First, learn the rules of the sport. In swimming there are four main strokes that are used in competition: freestyle, the butterfly, the breaststroke, and the backstroke. It is very important to learn the mechanics of each stroke, especially if you are planning to teach novice swimmers. If your pupils are taught how to perform these strokes improperly, they may be disqualified from competition. If you are having trouble, it's a good idea to locate the handbook for your local swimming league. There, you will find exact instructions and rules for every stroke.
The next step you'll need to take to become a swim coach is to learn proper coaching technique. There are courses in several states for anyone who is very serious about their craft. These classes are a good idea, but not a requirement. There are also several DVDs and books available that cover this subject matter. In them, you'll learn about the physical and psychological aspects of coaching, and how to use these ideas to motivate your team.
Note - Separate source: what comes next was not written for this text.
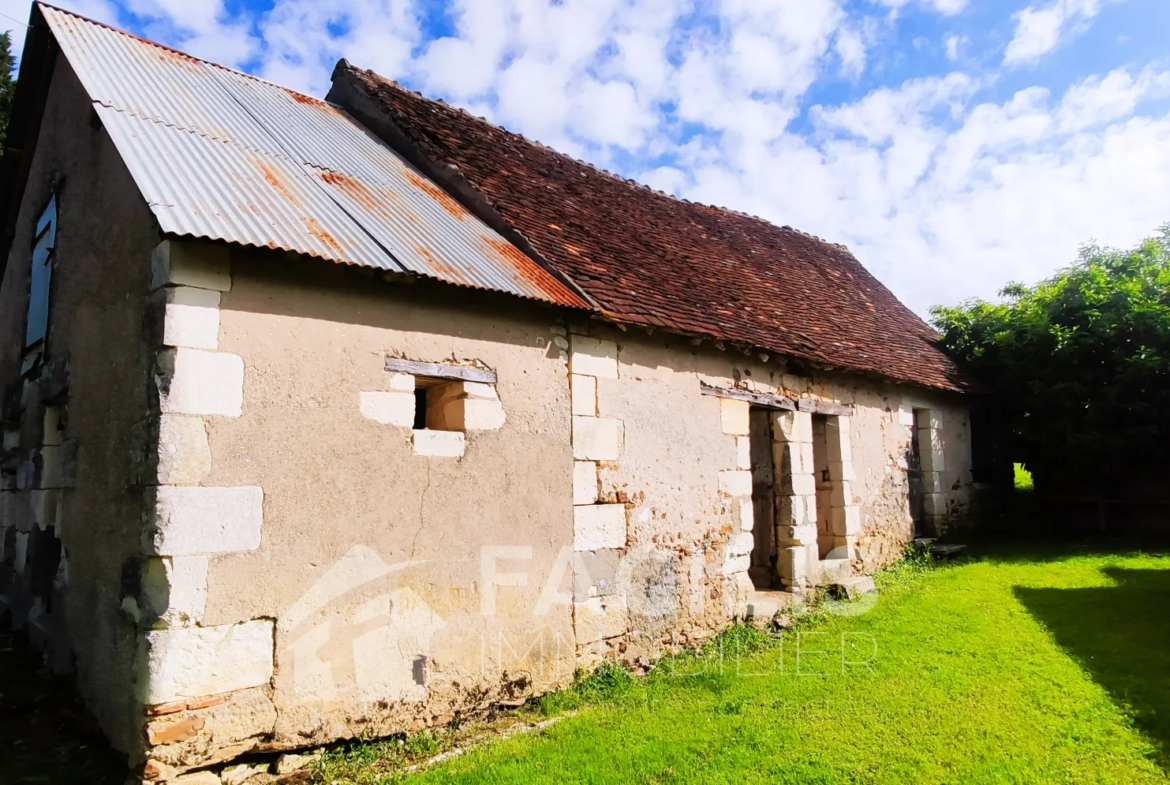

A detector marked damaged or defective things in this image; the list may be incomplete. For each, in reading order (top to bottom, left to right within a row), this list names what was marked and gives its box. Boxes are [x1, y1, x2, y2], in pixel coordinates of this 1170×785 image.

rusty metal roofing sheet [38, 4, 585, 308]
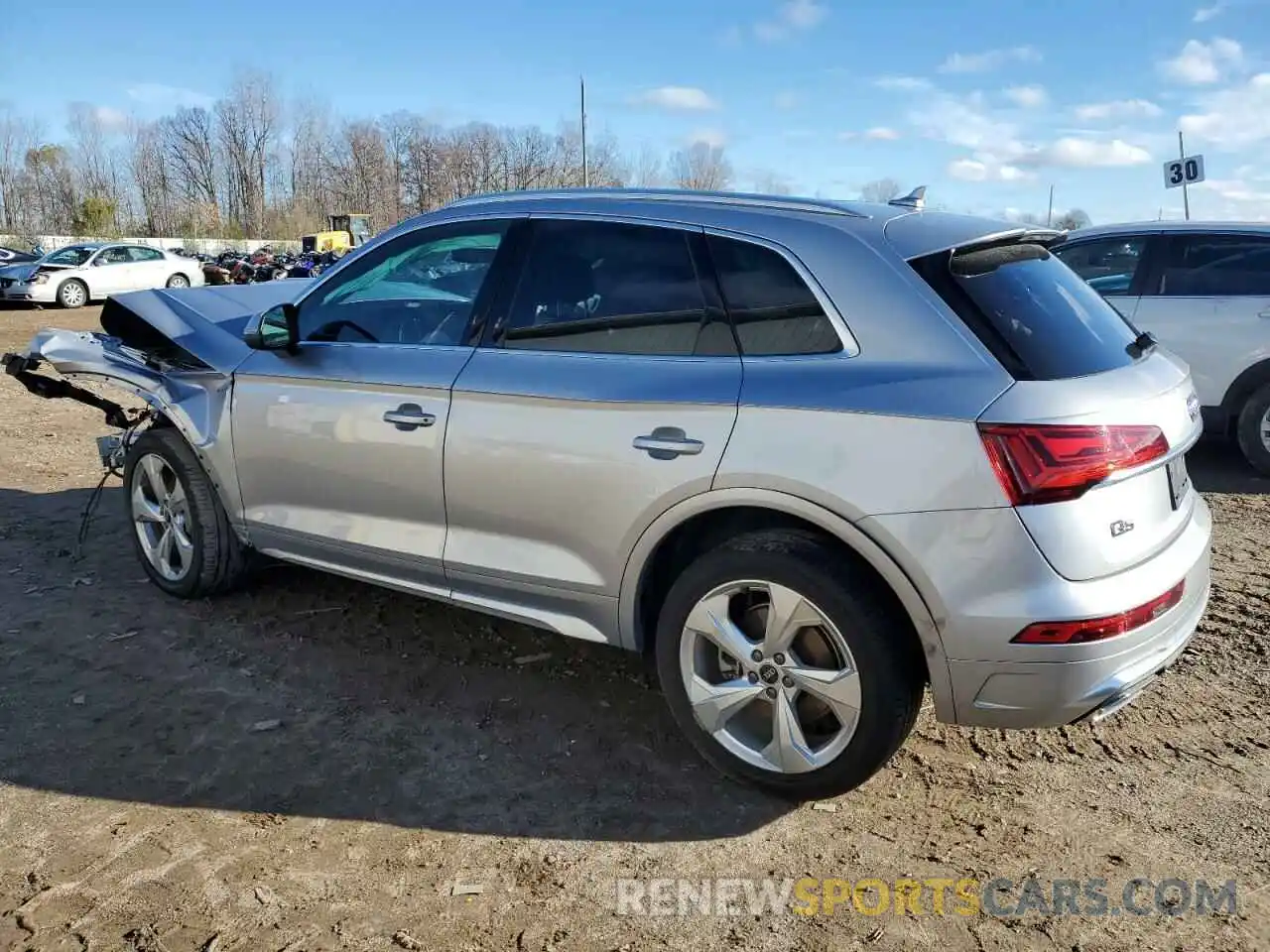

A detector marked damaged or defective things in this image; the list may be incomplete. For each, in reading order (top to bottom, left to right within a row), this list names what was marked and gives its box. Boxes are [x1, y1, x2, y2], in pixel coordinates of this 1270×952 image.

Now that you know the basics, it's time to hold your first practice. If you are concerned about this, don't be. There are also CDs, DVD, and books that deal with this subject matter. During these initial practices, keep an eye on the strengths and weaknesses of each individual swimmer. This will help you determine which event will best fit each of your students. This is also a great time to teach the kids, and yourself, about the value of patience. You'll all have to suffer through a few mistakes, and potential losses, all the while learning how to become a team.
The last part of becoming a swimming coach is to support and motivate each swimmer. It is equally important to help foster a feeling of camaraderie amongst the team. Swimming is a mainly individual sport, so many times athletes become engrossed in their own event. Encourage your individual team members to rally around each other, and cheer one another on to victory.